Discussion in 'Hardware' started by Outlawstar15a2, Jun 24, 2013.

  1. Outlawstar15a2

    Outlawstar15a2 Corporal

    The HDD that houses my OS makes a weird noise upon powering on. It occurs when the drive has to spin up it sounds like it's spinning up but the sound is..... Off. Kinda like a old CD-ROM drive when the disk is spinning really fast. The sound is not continual it only happens at spin up from a power on state and for one second it does not occur when reboot is initiated.

    I've already taken the liberty to back up all HDDs in the computer as I am not taking any chances also I've done a short SMART self test using Seatools and it passed all tests (It's a Seagate drive) will do a long and short test as soon as I can get Seatools for DOS also the drive does not appear to have any read/write problems and works perfectly fine afterwards.
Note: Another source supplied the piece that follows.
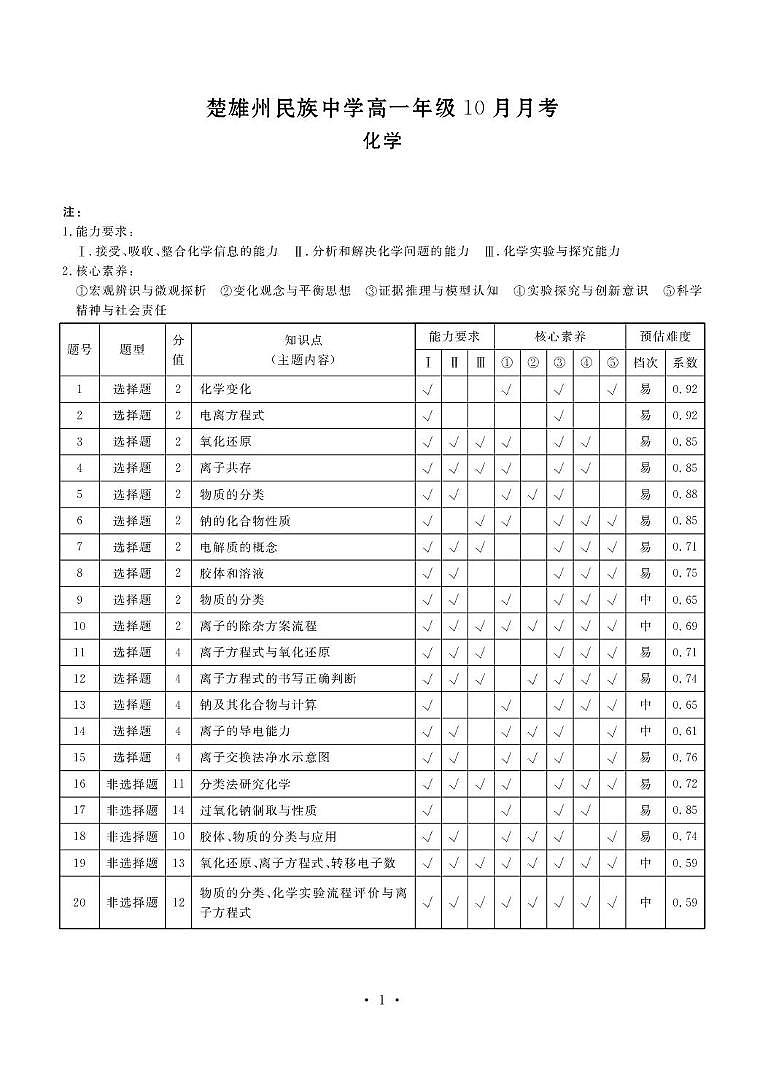 高一化学答案第1页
    I did check the drive in Crystal Disk Info last night and it reported a yellow caution alert for Reallocated Sector Count. However when I turned the PC on a hour ago and checked again the Sector Count had not increased. This drive would be a good two years old as that's how old the system so I wanted to know if this is something I should lose sleep over or if it can be ignored. I can RMA it as I should be under warranty but I'd really like to avoid that if possible. The HDD power on noise started in March.
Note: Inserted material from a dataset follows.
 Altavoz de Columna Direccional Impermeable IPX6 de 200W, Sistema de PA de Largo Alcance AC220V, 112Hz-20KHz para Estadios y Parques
    The model name is ST500NM0011 if it helps.
     
  2. Outlawstar15a2

    Outlawstar15a2 Corporal

    Just tested the Seagate drive in Seatools for DOS. It passed the long and short DST as well as the Acoustic test.
     
  3. McSwaggerton

    McSwaggerton Private E-2

    Sounds like the motor in your HDD is going bad. At the minimum you should back up your data. If it starts taking longer to spin up, or the noises get progressively worse, a complete failure is probably in your near future.
     
  4. davismccarn

    davismccarn Specialist

    Whenever the value of the "Reallocated Sector Count" is NOT zero, the drive believes that the media is failing AND you have a brief window of opportunity.
    Get a copy of RoadKill's RawCopy ( http://www.roadkil.net/program.php/P22/Raw Copy )
    Get an identical or slightly larger replacement hard disk drive.
    Use RawCopy's physical drives to copy the failing drive to the replacement and then swap out the bad drive.
    P.S. This is easiest done on another PC with the failing drive and the replacement connected as drives 2 and 3.